**Your assignment**
So that the copy stays text only, transcribe the data below exactly and exclude the images.

**Excerpted records**

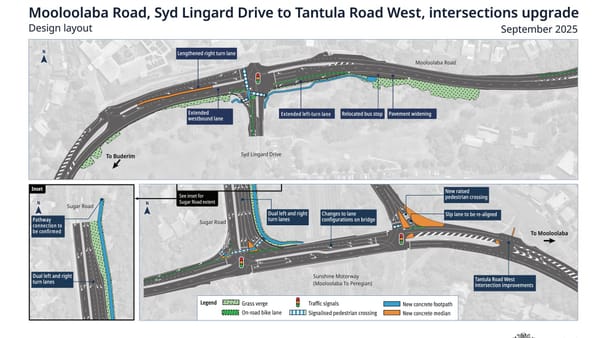 Major Upgrade underway for Sugar Rd and Mooloolaba Rd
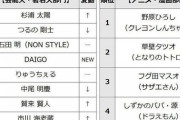 13,515人が選んだ「理想のパパランキング」発表！ 1位は杉浦太陽、令和の“理想のパパ”は「家族の時間を大切にする人」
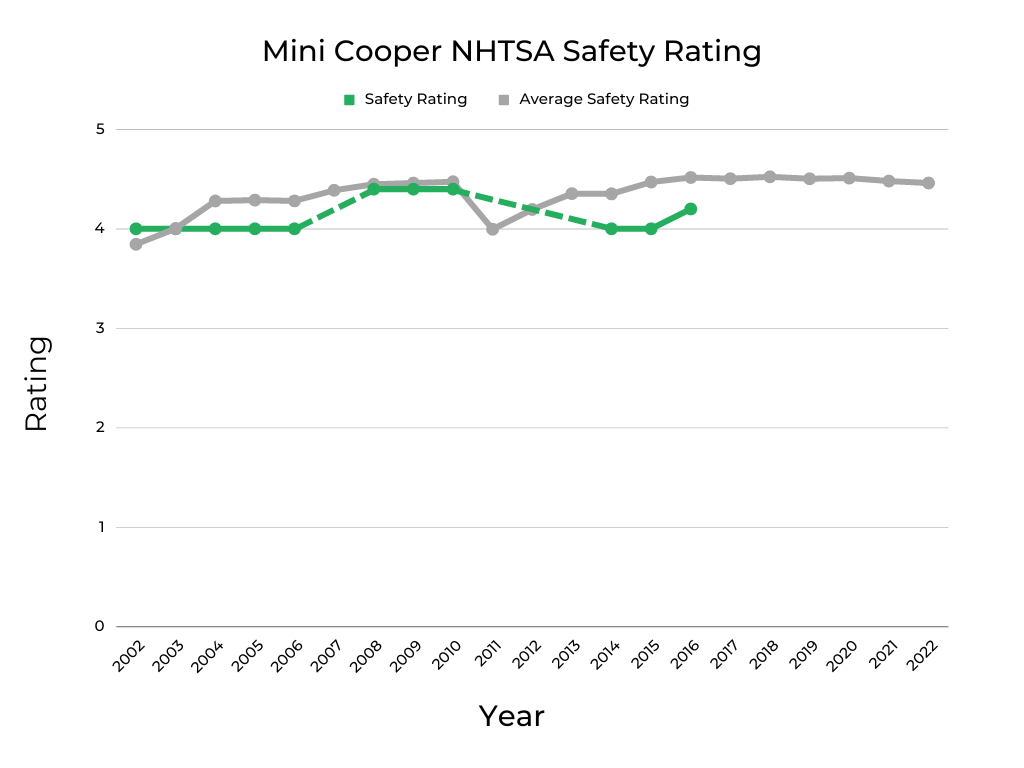 Mini Cooper NHTSA Safety Rating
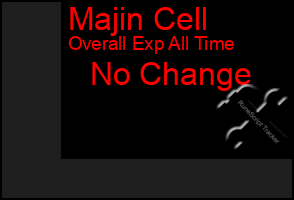 Total Graph of Majin Cell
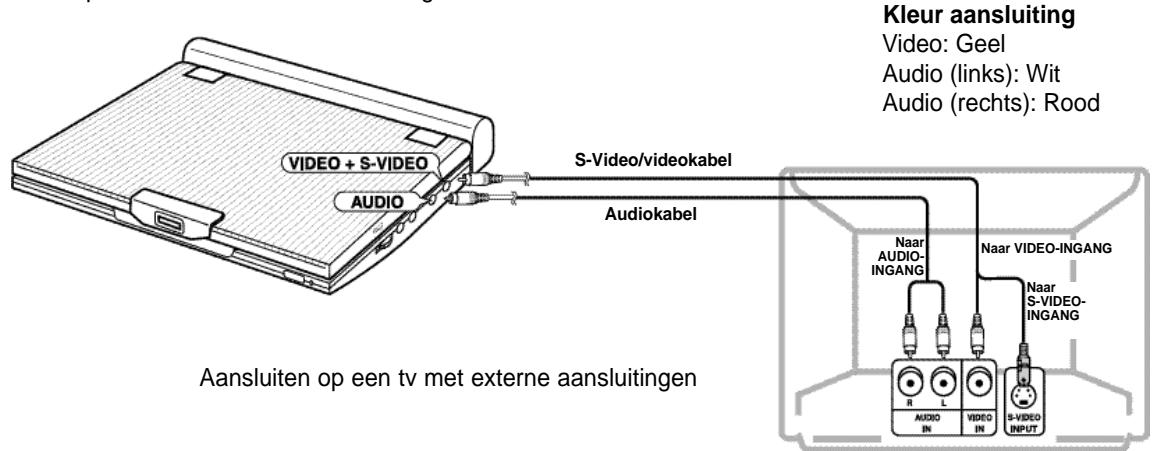 SAMSUNG DVD-L100WA - Aansluiten op een tv - 1
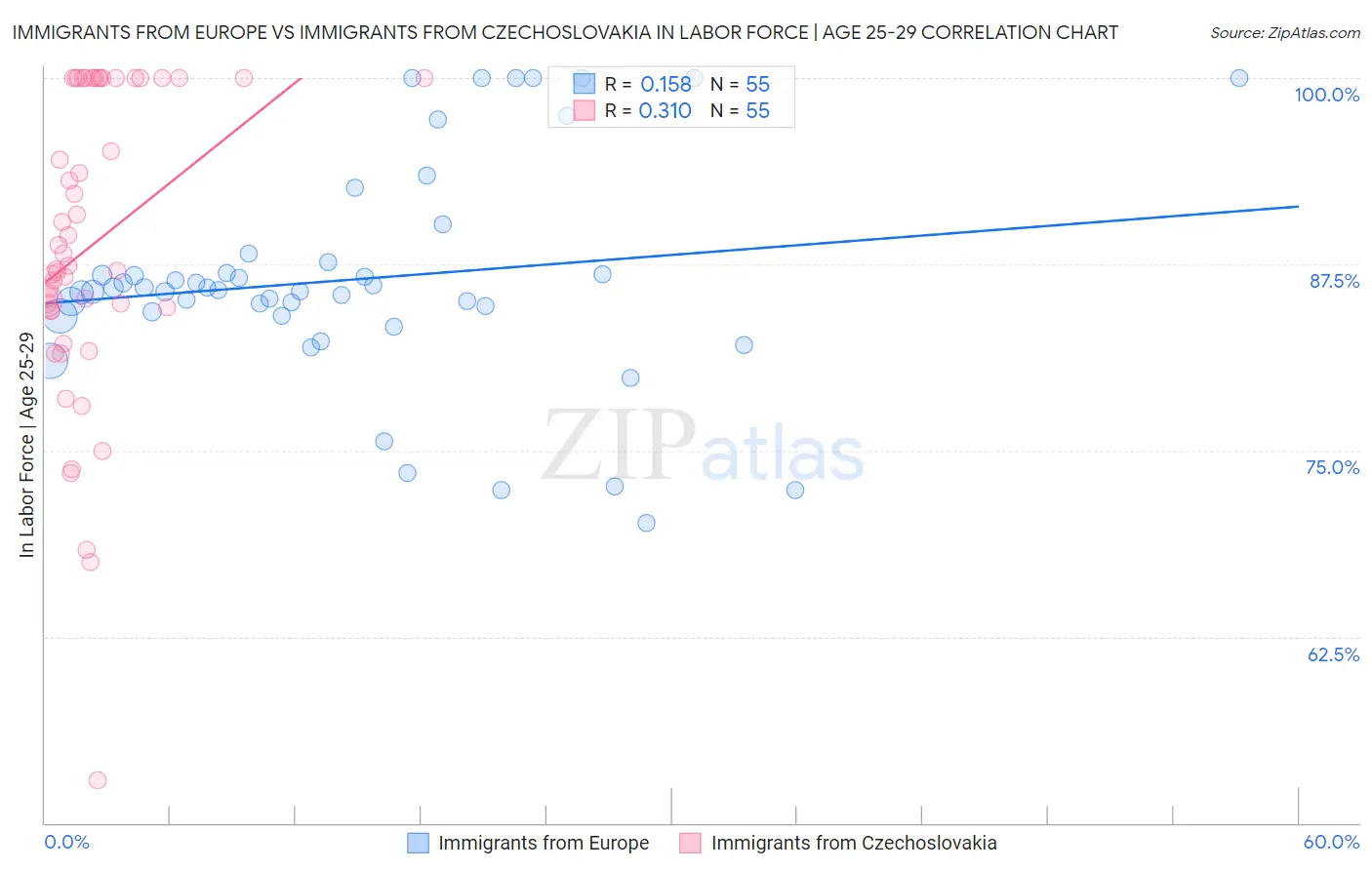 Immigrants from Europe vs Immigrants from Czechoslovakia In Labor Force | Age 25-29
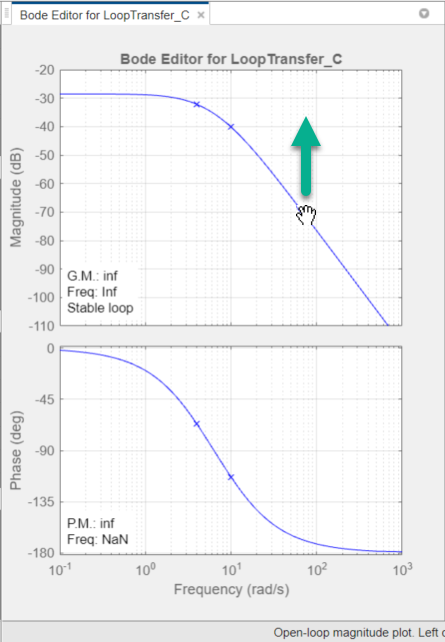 Matlab drive discount bode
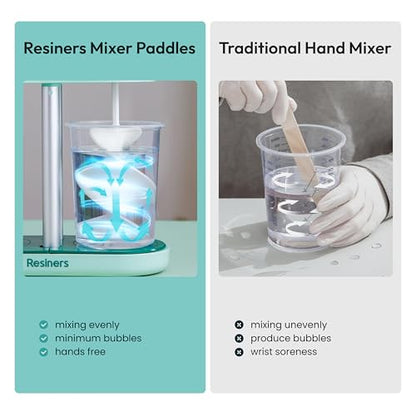 Resiners Spiral Silicone Paddles for Dual-Head Resin Mixer, 4pcs - color: Paddle - Spiral Silicone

**Result for this exercise**
 Major Upgrade underway for Sugar Rd and Mooloolaba Rd
 13,515人が選んだ「理想のパパランキング」発表！ 1位は杉浦太陽、令和の“理想のパパ”は「家族の時間を大切にする人」
 Mini Cooper NHTSA Safety Rating
 Total Graph of Majin Cell
 SAMSUNG DVD-L100WA - Aansluiten op een tv - 1
 Immigrants from Europe vs Immigrants from Czechoslovakia In Labor Force | Age 25-29
 Matlab drive discount bode
 Resiners Spiral Silicone Paddles for Dual-Head Resin Mixer, 4pcs - color: Paddle - Spiral Silicone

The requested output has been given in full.